Task.
Below are several records. Retype exactly those lines running from the one with "哈佛商業(yè)評論(中文版)" through the one with "Kia Ceed 1.6 M Euro2012 - 15", end lines included, and no others.
Data extract section start
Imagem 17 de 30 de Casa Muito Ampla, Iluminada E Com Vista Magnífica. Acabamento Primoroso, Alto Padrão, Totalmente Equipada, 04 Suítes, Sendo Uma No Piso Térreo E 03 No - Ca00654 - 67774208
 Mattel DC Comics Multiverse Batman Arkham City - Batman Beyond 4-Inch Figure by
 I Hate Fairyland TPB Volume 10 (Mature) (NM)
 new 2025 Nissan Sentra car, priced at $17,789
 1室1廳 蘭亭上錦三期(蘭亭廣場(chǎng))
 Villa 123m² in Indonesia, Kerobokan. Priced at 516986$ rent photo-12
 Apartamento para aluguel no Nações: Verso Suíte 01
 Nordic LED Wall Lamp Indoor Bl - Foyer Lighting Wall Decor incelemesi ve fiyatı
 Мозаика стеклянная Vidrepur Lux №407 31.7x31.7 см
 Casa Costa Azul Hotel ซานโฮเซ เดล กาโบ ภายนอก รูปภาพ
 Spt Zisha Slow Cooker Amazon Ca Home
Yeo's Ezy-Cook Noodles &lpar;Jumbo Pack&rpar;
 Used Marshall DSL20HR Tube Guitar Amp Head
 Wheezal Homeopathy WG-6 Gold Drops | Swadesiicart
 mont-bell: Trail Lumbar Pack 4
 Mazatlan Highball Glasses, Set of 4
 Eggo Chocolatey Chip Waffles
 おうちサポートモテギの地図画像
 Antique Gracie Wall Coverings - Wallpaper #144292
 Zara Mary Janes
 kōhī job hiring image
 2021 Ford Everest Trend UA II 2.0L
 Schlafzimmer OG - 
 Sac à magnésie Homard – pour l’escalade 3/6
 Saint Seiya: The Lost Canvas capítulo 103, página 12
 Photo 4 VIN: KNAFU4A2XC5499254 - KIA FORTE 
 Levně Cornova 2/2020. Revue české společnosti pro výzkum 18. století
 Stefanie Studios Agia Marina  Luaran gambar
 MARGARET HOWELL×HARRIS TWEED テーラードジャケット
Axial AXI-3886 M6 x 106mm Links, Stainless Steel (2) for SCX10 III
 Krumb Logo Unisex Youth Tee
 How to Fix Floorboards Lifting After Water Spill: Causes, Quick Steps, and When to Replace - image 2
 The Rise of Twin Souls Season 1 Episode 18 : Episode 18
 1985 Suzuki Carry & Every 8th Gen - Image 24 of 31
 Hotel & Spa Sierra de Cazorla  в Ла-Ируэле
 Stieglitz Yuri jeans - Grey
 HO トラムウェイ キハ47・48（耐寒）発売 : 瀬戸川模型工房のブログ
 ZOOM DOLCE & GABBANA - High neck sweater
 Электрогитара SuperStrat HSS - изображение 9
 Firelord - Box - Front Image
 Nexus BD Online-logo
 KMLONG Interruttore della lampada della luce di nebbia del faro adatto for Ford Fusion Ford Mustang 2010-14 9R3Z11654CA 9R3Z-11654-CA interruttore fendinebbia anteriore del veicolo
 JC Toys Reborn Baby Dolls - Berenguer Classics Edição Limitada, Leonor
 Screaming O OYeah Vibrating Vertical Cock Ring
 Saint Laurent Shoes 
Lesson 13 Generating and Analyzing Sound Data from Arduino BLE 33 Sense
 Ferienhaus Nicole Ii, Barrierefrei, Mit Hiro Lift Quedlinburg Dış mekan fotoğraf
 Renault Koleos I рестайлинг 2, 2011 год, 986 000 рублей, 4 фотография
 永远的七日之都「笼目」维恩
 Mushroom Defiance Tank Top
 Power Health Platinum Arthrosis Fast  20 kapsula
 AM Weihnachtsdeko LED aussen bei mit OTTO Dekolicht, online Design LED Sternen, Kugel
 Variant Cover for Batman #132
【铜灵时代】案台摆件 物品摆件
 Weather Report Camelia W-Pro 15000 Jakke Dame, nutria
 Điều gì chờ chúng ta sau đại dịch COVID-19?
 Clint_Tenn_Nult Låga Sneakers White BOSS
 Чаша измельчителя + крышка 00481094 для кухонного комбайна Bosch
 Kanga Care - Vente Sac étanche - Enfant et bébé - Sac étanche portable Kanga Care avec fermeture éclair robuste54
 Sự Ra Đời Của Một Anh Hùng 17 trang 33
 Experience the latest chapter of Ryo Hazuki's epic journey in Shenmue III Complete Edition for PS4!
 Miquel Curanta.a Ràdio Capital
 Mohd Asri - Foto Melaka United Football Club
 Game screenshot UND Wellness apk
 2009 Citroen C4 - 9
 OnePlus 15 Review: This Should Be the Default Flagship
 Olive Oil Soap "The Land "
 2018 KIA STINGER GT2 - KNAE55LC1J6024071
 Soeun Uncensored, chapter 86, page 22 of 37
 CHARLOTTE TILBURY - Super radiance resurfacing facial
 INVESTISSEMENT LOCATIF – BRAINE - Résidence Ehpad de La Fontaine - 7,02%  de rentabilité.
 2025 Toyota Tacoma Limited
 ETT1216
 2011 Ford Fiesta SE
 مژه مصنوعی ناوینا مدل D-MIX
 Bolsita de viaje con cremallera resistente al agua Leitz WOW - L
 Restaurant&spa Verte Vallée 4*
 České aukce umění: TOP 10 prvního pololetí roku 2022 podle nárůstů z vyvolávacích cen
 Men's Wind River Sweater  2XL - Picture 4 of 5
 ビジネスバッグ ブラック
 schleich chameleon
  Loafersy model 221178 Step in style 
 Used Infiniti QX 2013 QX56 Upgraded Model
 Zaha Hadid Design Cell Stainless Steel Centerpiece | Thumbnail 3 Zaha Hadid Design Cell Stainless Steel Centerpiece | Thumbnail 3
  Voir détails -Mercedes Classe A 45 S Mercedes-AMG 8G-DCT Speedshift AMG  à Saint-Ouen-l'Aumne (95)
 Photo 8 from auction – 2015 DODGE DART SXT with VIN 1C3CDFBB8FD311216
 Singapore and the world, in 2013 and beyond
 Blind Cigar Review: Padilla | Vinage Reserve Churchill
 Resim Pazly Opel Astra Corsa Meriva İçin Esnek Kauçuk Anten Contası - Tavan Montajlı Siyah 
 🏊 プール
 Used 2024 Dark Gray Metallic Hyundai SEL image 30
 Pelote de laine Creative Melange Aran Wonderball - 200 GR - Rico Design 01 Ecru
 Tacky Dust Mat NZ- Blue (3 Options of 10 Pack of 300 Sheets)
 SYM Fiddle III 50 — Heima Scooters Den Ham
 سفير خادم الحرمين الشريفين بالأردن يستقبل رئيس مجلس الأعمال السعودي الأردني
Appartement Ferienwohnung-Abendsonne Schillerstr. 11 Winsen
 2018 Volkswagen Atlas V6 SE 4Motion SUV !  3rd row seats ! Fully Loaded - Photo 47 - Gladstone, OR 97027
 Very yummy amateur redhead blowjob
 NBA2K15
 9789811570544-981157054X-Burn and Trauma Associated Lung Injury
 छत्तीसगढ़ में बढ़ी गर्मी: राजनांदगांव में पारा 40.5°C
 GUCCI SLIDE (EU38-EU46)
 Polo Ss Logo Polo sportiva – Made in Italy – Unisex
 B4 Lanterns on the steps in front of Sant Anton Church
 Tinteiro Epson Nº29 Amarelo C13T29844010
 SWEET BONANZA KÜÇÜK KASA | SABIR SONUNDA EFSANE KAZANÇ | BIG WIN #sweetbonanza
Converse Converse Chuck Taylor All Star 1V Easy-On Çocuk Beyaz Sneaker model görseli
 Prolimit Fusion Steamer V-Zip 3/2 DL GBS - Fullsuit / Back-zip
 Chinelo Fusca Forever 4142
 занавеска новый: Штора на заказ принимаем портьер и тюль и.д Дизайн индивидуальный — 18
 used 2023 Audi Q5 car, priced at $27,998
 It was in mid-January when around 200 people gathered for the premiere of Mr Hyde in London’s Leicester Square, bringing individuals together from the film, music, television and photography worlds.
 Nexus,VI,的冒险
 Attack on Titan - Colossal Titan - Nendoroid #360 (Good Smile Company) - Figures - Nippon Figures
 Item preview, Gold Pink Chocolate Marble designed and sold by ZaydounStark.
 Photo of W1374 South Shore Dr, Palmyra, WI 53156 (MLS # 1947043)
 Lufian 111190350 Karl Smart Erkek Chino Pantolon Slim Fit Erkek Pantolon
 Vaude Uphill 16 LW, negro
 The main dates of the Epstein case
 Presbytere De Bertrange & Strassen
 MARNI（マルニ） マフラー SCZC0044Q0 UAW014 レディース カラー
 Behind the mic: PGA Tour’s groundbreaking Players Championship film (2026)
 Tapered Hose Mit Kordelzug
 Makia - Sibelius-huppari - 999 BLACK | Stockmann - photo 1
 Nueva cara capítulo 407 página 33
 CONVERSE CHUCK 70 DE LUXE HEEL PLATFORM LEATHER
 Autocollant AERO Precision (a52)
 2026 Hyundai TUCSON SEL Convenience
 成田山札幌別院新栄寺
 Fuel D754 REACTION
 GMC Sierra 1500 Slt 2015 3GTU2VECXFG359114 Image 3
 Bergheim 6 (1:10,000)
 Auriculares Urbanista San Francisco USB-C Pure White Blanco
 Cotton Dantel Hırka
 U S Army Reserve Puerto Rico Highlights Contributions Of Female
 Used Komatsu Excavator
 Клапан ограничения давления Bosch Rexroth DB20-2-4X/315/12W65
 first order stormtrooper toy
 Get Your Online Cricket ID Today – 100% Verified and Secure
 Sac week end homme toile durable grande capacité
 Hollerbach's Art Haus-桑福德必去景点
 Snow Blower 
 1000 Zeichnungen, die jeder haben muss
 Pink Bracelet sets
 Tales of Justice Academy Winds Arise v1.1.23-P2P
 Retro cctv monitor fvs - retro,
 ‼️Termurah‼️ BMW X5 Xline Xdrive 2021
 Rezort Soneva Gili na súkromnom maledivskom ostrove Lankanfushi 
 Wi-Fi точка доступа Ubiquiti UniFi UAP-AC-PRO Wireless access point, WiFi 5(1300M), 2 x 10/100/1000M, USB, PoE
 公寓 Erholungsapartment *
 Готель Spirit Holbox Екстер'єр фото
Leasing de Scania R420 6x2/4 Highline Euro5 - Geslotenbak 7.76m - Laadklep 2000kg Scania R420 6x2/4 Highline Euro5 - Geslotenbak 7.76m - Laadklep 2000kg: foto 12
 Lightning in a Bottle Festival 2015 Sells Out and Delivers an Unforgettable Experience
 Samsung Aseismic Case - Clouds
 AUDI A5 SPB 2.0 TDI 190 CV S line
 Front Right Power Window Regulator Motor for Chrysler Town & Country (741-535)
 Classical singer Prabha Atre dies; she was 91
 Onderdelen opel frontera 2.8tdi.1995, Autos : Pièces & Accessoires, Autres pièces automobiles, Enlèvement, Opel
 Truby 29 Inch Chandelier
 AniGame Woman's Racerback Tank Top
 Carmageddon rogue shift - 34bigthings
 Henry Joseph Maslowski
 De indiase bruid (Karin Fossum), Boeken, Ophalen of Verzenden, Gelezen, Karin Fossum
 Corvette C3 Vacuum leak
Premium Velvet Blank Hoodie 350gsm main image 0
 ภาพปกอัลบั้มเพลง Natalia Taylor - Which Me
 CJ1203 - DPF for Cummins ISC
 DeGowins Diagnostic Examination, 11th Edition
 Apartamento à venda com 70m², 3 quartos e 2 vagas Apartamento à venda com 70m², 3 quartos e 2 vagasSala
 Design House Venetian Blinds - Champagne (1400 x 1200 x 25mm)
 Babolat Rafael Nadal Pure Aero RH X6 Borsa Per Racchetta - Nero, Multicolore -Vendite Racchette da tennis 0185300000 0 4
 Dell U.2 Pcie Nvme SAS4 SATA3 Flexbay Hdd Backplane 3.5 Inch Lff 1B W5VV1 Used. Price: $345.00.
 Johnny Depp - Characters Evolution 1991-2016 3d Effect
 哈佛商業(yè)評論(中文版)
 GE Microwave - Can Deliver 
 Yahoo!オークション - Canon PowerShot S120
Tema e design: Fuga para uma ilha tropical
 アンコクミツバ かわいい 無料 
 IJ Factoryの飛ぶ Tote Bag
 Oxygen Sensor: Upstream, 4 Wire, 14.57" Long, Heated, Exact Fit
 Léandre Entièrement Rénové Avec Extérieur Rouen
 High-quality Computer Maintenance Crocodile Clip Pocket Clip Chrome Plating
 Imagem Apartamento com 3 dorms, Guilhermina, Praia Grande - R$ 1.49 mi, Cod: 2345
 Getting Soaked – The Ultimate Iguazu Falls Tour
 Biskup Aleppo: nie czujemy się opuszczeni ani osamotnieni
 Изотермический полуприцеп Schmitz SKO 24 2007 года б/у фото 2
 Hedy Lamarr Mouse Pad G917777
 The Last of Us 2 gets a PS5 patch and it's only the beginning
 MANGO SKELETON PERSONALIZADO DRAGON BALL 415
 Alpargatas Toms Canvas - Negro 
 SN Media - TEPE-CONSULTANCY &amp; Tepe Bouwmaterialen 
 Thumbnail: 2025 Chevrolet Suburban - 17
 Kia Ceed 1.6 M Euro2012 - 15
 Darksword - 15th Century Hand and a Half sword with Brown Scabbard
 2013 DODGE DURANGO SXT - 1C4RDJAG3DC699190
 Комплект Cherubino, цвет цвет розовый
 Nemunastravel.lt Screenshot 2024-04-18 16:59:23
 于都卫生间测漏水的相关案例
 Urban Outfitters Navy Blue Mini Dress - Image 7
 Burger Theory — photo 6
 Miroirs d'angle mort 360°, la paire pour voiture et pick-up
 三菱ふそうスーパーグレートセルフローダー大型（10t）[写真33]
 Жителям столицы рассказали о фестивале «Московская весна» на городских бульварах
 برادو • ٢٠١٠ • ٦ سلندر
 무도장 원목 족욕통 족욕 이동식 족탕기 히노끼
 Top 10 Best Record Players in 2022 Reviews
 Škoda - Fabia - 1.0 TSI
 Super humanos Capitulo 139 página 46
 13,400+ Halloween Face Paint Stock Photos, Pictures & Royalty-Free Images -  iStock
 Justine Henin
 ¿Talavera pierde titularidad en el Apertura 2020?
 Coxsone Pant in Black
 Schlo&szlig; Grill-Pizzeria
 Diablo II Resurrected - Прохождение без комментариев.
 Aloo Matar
Data extract section end
Solution below.
 哈佛商業(yè)評論(中文版)
 GE Microwave - Can Deliver 
 Yahoo!オークション - Canon PowerShot S120
Tema e design: Fuga para uma ilha tropical
 アンコクミツバ かわいい 無料 
 IJ Factoryの飛ぶ Tote Bag
 Oxygen Sensor: Upstream, 4 Wire, 14.57" Long, Heated, Exact Fit
 Léandre Entièrement Rénové Avec Extérieur Rouen
 High-quality Computer Maintenance Crocodile Clip Pocket Clip Chrome Plating
 Imagem Apartamento com 3 dorms, Guilhermina, Praia Grande - R$ 1.49 mi, Cod: 2345
 Getting Soaked – The Ultimate Iguazu Falls Tour
 Biskup Aleppo: nie czujemy się opuszczeni ani osamotnieni
 Изотермический полуприцеп Schmitz SKO 24 2007 года б/у фото 2
 Hedy Lamarr Mouse Pad G917777
 The Last of Us 2 gets a PS5 patch and it's only the beginning
 MANGO SKELETON PERSONALIZADO DRAGON BALL 415
 Alpargatas Toms Canvas - Negro 
 SN Media - TEPE-CONSULTANCY &amp; Tepe Bouwmaterialen 
 Thumbnail: 2025 Chevrolet Suburban - 17
 Kia Ceed 1.6 M Euro2012 - 15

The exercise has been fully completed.